Читаем Лопе де Вега полностью

Женщина, вдохновлявшая поэта, не была более тем, что в философии именуется энтелехией, не была более постоянно упоминаемым образом вечной женственности, нематериальным, возвышенным, идеальным, но лишенным всякой реальности, телесности, образом, низведенным до роли незначительного предлога или повода, оправдывающего воспевание собственного величия и мужественности поэтом, занимающимся самолюбованием в состоянии нарциссического упоения самим собой. Женщина у Лопе обретает плоть, она возбуждает и манит; она стала вполне осязаемым и узнаваемым объектом требующего удовлетворения желания; а желание у него не является более грезой или мечтой, точно так же как соединение, слияние возлюбленных более не является призрачной химерой. И его поэзия в этом смысле становится тоже чем-то новым: еще одним из компонентов обольщения.

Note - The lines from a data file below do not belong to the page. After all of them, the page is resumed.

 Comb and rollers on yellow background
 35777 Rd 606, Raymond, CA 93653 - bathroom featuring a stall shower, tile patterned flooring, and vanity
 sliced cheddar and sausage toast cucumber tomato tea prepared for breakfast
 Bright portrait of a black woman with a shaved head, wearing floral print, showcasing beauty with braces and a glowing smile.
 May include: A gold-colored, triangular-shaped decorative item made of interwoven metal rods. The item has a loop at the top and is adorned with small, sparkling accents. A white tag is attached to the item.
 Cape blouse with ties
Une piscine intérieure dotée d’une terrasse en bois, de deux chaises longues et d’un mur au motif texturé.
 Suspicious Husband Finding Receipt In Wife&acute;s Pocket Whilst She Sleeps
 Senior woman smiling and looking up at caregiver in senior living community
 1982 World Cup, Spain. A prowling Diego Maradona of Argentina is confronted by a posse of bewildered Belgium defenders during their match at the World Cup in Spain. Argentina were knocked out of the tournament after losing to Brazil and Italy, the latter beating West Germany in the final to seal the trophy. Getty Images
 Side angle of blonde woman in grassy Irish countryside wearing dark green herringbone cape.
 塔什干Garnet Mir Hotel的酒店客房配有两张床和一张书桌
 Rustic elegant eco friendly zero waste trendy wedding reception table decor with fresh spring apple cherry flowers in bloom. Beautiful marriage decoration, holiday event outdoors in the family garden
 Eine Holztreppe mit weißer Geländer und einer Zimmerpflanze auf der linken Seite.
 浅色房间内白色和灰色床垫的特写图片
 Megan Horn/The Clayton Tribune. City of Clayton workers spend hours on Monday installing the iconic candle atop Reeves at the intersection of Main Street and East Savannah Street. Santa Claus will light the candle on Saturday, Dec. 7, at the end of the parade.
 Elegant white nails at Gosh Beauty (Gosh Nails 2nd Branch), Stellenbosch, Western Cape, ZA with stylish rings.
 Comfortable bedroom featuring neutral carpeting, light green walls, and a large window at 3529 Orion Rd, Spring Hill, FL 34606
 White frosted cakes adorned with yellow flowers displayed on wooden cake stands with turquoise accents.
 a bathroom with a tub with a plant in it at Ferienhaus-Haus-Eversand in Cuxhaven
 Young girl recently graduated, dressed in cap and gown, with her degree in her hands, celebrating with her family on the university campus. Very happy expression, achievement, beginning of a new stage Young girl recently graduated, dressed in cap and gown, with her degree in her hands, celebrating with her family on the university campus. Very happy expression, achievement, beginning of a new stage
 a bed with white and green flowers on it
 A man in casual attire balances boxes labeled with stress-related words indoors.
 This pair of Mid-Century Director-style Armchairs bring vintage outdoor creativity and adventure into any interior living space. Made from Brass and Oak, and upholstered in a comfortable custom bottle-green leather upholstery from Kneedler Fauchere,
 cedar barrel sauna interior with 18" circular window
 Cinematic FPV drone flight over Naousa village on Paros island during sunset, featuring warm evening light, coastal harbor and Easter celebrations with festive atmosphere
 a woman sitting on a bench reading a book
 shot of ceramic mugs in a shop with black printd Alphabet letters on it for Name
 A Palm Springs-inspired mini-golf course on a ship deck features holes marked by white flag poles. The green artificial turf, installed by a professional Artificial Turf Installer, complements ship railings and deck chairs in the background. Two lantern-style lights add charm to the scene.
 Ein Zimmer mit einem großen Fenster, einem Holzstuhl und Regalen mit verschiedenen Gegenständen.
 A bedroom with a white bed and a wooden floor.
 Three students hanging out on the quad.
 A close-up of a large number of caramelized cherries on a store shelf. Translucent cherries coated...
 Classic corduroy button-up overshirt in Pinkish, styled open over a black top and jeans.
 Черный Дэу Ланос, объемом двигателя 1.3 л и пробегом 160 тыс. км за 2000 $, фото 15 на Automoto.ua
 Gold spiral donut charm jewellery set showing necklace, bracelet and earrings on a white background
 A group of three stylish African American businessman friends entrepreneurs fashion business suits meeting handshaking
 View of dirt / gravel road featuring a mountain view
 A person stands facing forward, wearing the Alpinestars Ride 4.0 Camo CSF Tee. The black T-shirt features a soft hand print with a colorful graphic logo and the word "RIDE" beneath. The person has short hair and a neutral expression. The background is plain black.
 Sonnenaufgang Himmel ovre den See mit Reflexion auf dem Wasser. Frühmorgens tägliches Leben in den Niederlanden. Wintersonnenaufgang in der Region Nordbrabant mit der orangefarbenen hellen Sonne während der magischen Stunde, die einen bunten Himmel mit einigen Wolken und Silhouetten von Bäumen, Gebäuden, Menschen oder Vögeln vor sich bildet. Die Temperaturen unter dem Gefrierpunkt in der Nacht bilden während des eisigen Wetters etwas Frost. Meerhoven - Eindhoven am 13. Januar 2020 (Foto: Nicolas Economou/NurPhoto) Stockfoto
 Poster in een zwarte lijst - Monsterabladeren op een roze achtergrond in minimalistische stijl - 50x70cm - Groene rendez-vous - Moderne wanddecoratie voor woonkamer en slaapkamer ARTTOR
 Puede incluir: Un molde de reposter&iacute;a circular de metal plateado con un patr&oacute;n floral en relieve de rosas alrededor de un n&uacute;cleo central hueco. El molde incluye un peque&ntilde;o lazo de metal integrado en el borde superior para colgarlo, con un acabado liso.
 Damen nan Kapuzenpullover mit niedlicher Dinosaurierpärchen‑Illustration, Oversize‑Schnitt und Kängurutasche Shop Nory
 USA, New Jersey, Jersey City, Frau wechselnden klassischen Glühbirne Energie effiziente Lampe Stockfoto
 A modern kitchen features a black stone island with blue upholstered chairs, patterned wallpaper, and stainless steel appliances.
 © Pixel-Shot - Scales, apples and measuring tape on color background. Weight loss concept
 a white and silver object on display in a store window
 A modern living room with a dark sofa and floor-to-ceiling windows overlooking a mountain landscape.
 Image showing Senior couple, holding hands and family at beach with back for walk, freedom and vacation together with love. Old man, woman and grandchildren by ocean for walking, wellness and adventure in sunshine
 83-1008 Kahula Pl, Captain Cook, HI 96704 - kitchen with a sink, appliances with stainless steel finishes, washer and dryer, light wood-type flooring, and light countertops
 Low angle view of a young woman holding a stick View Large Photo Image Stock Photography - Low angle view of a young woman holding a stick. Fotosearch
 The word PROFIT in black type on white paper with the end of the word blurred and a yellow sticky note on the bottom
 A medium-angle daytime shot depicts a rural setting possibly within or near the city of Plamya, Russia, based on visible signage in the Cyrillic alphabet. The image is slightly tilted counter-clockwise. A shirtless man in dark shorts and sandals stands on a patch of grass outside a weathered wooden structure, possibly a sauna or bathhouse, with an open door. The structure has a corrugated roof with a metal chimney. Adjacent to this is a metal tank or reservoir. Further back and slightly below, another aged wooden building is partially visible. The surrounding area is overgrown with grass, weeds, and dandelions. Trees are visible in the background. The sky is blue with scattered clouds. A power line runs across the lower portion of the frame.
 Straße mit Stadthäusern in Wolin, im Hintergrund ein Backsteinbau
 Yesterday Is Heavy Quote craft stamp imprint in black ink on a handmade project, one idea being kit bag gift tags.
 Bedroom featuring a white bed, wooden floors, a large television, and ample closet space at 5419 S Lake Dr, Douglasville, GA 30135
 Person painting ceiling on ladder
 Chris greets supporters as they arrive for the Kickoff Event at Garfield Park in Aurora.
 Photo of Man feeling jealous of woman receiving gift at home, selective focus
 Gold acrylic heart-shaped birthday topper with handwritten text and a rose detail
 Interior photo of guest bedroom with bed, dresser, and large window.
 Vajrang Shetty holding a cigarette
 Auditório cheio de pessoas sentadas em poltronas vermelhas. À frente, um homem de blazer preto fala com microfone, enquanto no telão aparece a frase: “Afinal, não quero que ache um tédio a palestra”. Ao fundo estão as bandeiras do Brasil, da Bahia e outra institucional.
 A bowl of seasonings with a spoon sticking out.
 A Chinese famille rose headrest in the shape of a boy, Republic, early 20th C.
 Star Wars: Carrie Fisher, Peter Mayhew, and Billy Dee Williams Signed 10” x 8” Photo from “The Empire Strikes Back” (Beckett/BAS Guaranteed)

Эти многочисленные загадочные «нежданные гостьи», будучи литературными образами, одновременно были и совершенно реальными женщинами; они во многом способствовали рождению любимого девиза Лопе, вошедшего в поговорку: «Писать — значит любить; любить — значит писать», который в разных интерпретациях будет проявляться в его драматических произведениях, как, например, в «Невинной Лауре», где герой заявляет: «Любовь учит меня писать». Сей девиз превратится в настоящее кредо, в символ веры, утверждающий главенство чувств, коим подвластно породить уверенность в существовании человека в мире. «Любить — значит существовать». «Существовать — значит любить». Впоследствии Лопе, уже будучи зрелым, умудренным опытом человеком, во втором терцете прекрасного сонета к поэту Луперсио Леонардо де Архенсоле напишет:

Вы просите меня не писать или не жить?Сделайте же так, чтобы я, любя,
Мог более ничего не чувствовать,И тогда я смогу не писать, сжимая в руке перо.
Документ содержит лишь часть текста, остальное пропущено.